:: WHAT IS EXPECTED ::
I would like the lines below, from the one with "Ford Fiesta ECOBOOST" through the one with "Volkswagen Polo 1.0", copied exactly and without any pictures.

:: DATASET ::
--- START ---

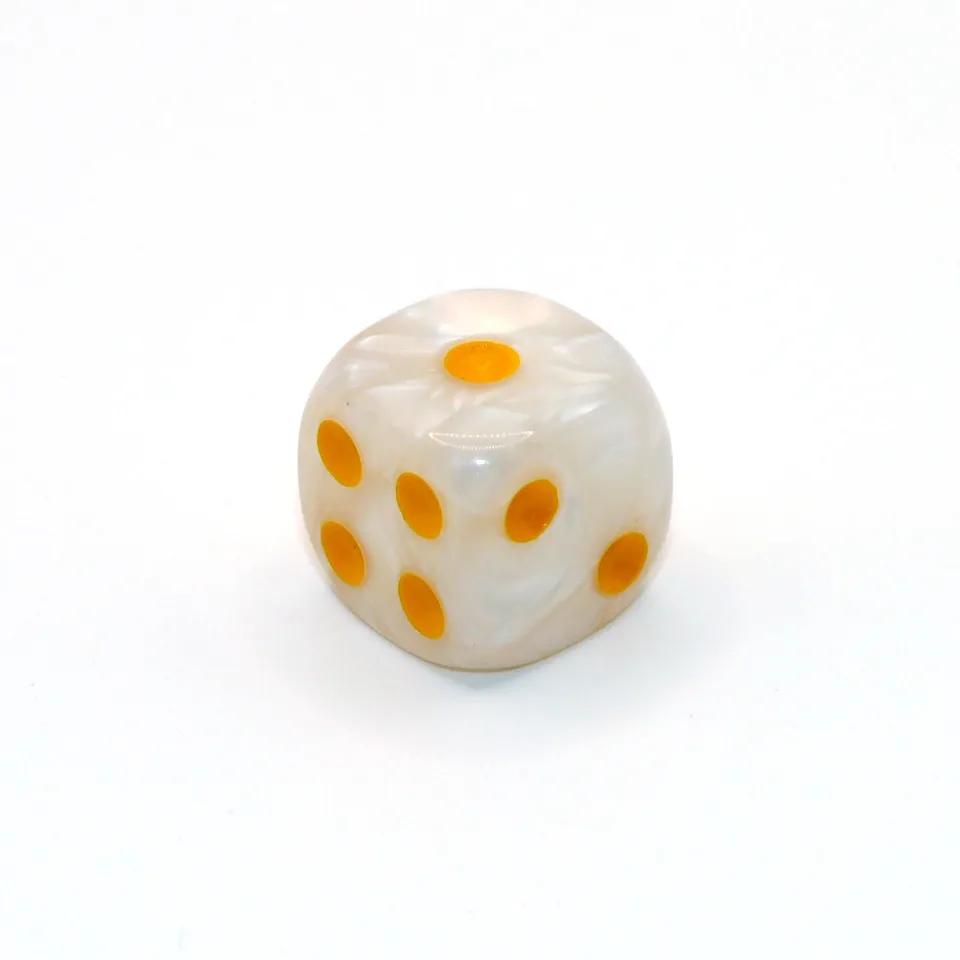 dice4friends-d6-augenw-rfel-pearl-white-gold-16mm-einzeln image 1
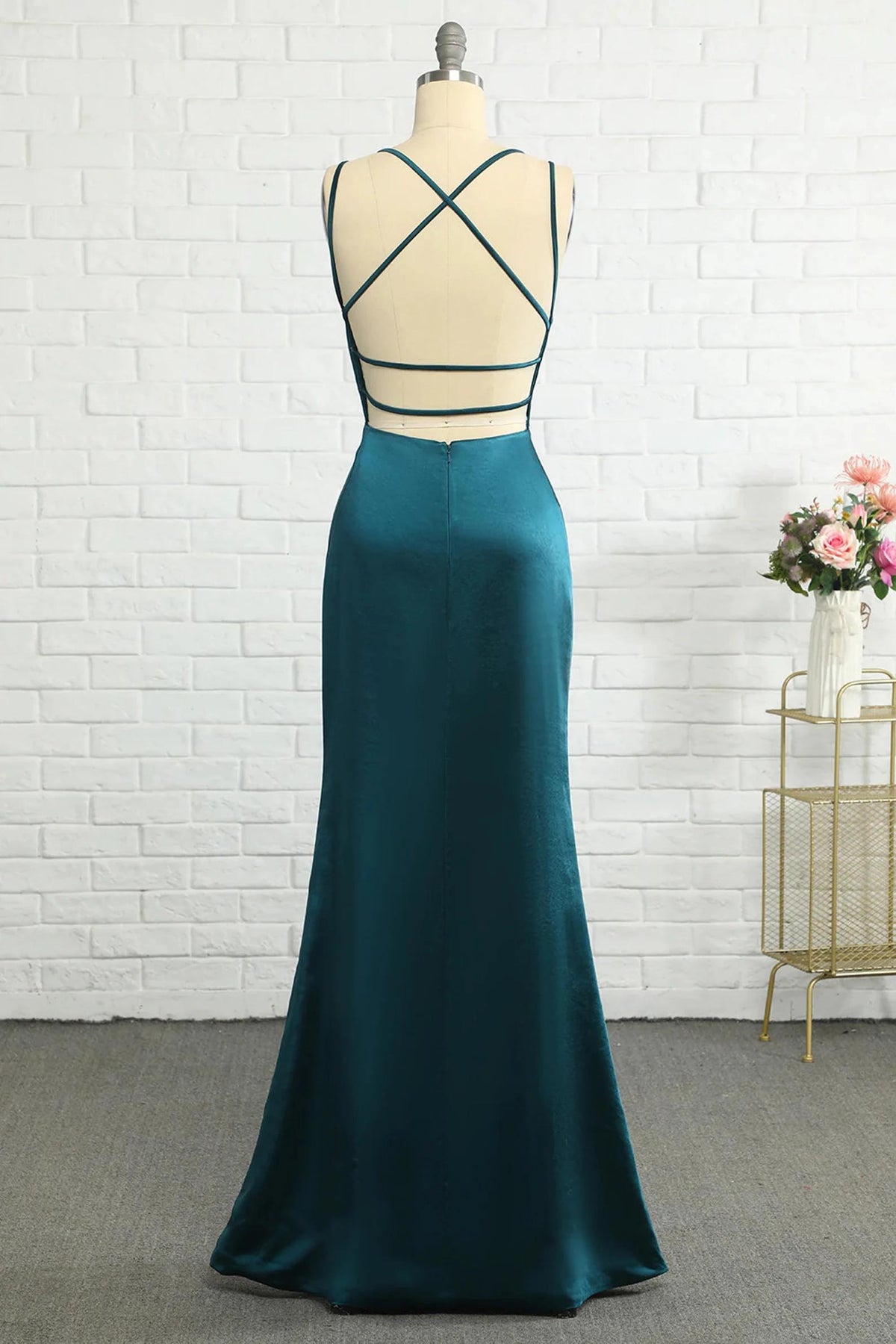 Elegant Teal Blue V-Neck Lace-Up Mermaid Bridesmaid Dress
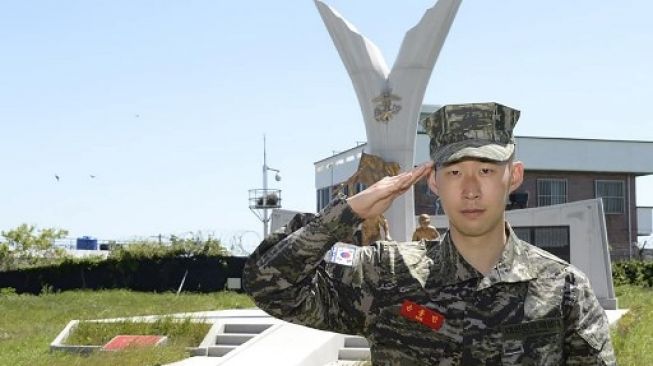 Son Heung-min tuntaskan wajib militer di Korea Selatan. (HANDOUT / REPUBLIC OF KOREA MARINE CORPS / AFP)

--- END ---
--- START ---

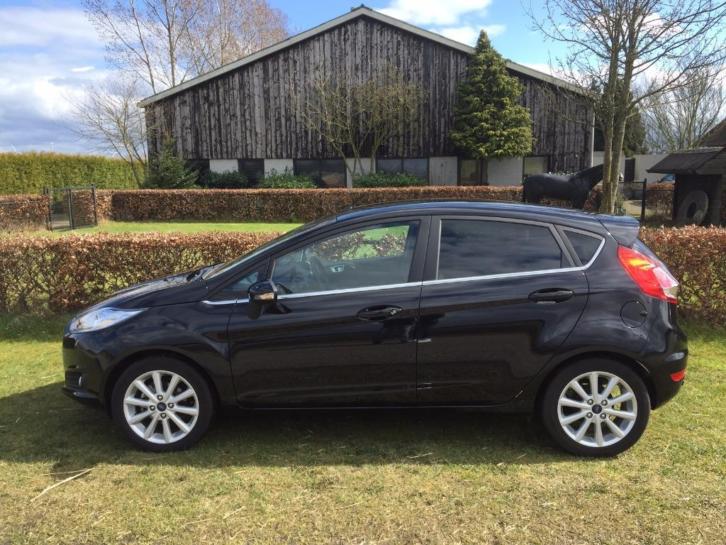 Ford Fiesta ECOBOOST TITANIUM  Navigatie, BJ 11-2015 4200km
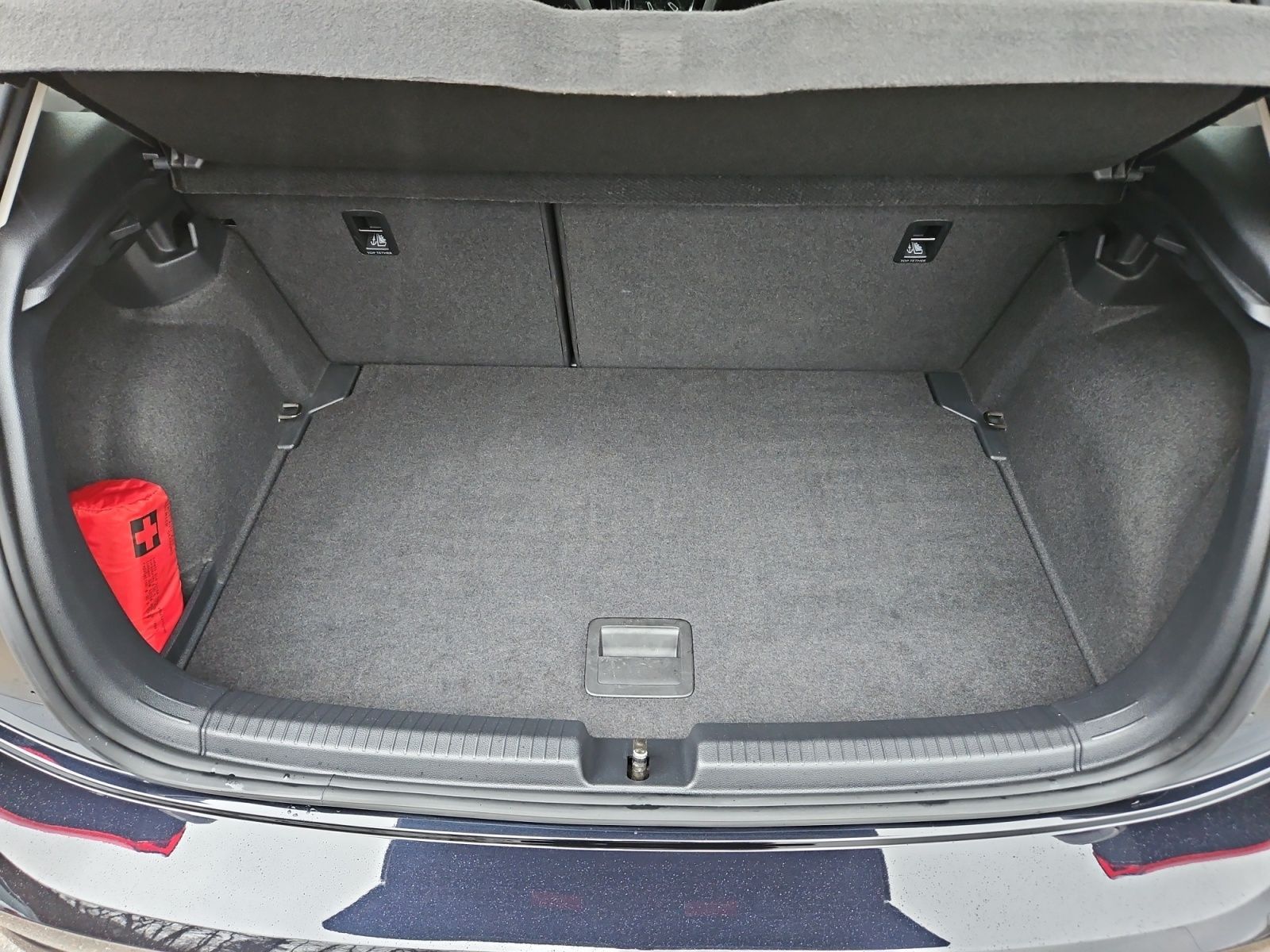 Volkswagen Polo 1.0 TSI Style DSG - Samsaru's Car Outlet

--- END ---

:: EXERCISE RESULT ::
 Ford Fiesta ECOBOOST TITANIUM  Navigatie, BJ 11-2015 4200km
 Volkswagen Polo 1.0 TSI Style DSG - Samsaru's Car Outlet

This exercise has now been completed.